Friday, May 15, 2015

'Divinely Inspired' Godspell

     Many people talk about theatre as a transformative experience, but few experience that transformation quite as drastically as Carol de Giere did when she discovered Godspell.

     Growing up in Madison, WI, she mostly saw movie musicals or what was being done at school.  Somehow one of the most widely produced musicals of all time never crossed her path until she was in her late 40s and living in Fairfield, Iowa, a town of about 10,000 residents.  Artistic offerings were limited in Fairfield, so when the local community theatre presented Godspell, de Giere was there.  And that was the beginning of the end of her days in Fairfield.

    “I felt myself being emotionally expanded,” said de Giere, 63, during a phone interview from her home in Bethel, CT.  “The score and the performances were so joyful.  It was just exhilarating to watch.  I felt like it had a spirt to it that was different from other musicals.  It lifted me out of the boundaries of the moment.”

     It also lifted her out to the midwest.  She quit her job as a librarian and with her husband, who had been laid off, moved to Connecticut to explore the musical theatre work of Godspell’s composer. 

     “I felt I needed to be near Broadway.  I wanted to be close to the creative pot to see what the chefs were brewing.”

    “I like writing behind the scenes,” she said. “Rather than write about a musical, I like to recreate the experience of being present at the creation.”

     She found Schwartz and cast members willing to talk about their experiences with Godspell, a show that began as a master’s thesis for John-Michael Tebelak at Carnegie Mellon University, a thesis that was initially rejected by his advisor.  It then had a stint Off, Off-Broadway where its potential was spotted by producers who brought on Schwarz, giving him five weeks to compose new music.  Godspell as we know it now opened Off-Broadway on May 17, 1971, then moved to Broadway for a total New York run of six years.  It has been translated into more than a half dozen languages, made into a movie and is still produced a couple hundred times each year somewhere in the world. 

     It all started with Tebelak, whose affection for religious material dated back to his childhood.

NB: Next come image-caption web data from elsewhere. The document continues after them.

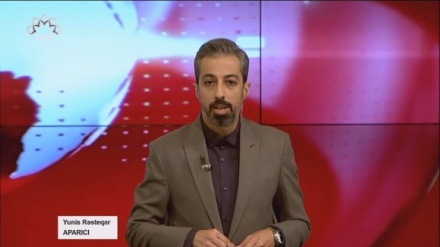  XƏBƏRLƏR - 27-05-2025 - (14:30) - Aparıcı: Y. RƏSTEQAR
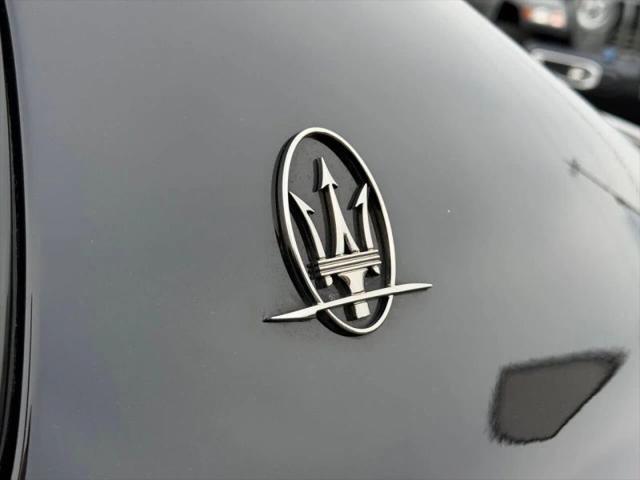 2021 Maserati Ghibli S
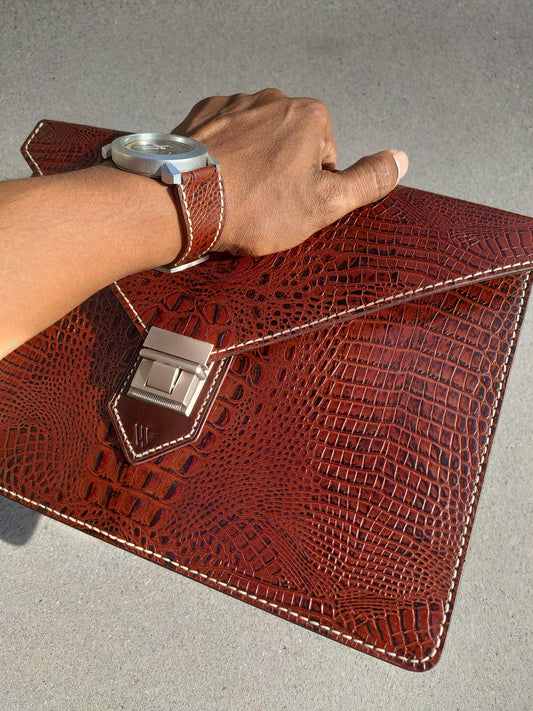 Laptop sleeve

His sister told de Giere that John-Michael loved the religious pageantry he experienced at the Episcopal Cathedral in Cleveland and would “redo the church service” when he got home, creating an altar, burning candles and offering a communion, “all the dramatic parts.”

     Years later when searching for a thesis topic, Tebelak considered several miracle and passion plays, but determined they were too heavy.  He started reading the gospels and discovered their joy. 

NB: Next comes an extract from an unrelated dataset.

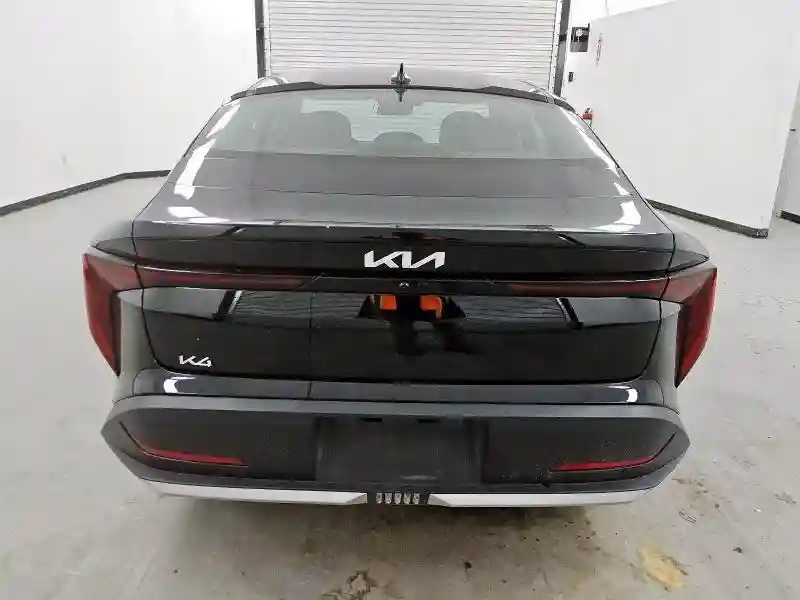 3KPFT4DE5SE019295 2025 KIA K4 LX-5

     “Tebebak resolved to attend a church service, and it was there that a spiritual experience, or lack thereof, completed the inspiration for the new musical,” de Giere writes.  

     On a snowy Easter morning in 1970, Tebelak attended the Anglican Cathedral in Pittsburgh and later told Dramatics Magazine about his experience: “An old priest came out and mumbled into a microphone, and people mumbled things back, and then everyone got up and left.  Instead of ‘healing’ the burden, or resurrecting the Christ, it seems those people had pushed Him back into the tomb.  They had refused to let Him come out that day.”

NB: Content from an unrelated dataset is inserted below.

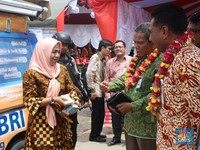 BRI Incar Dana Rp 500 Miliar dari Subdebt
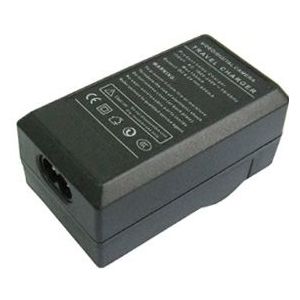 digitale camera batterij / accu laadr voor olympus li30b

     As he was leaving the service, a policeman tried to frisk him, suspecting him of carrying drugs because of his hippie appearance.  “At that moment — I think because of the absurd situation — it angered me so much that I went home and realized what I wanted to do with the gospels: I wanted to make it the simple, joyful message that I felt the first time I read them and re-create the sense of community, which I did not share when I went to that service.”

     And so the roots of Godspell were grounded in Tebelak’s positive and negative experiences in the Anglican tradition.  

     Considering how many lives the show has touched, de Giere felt called to do a second book just on Godspell while the original cast members were still available to share their stories. The Godspell Experience: Inside a Transformative Musical, for which de Giere conducted nearly 40 interviews, features engaging anecdotes, exhaustive research and an analysis of the show’s songs, several of which come from the Episcopal hymnal.

     “I thought, ‘I’m probably the only person who’s going to do this.’  This is a time when people will remember.  They’re all in their 60s or deceased.  I’m writing for future generations.”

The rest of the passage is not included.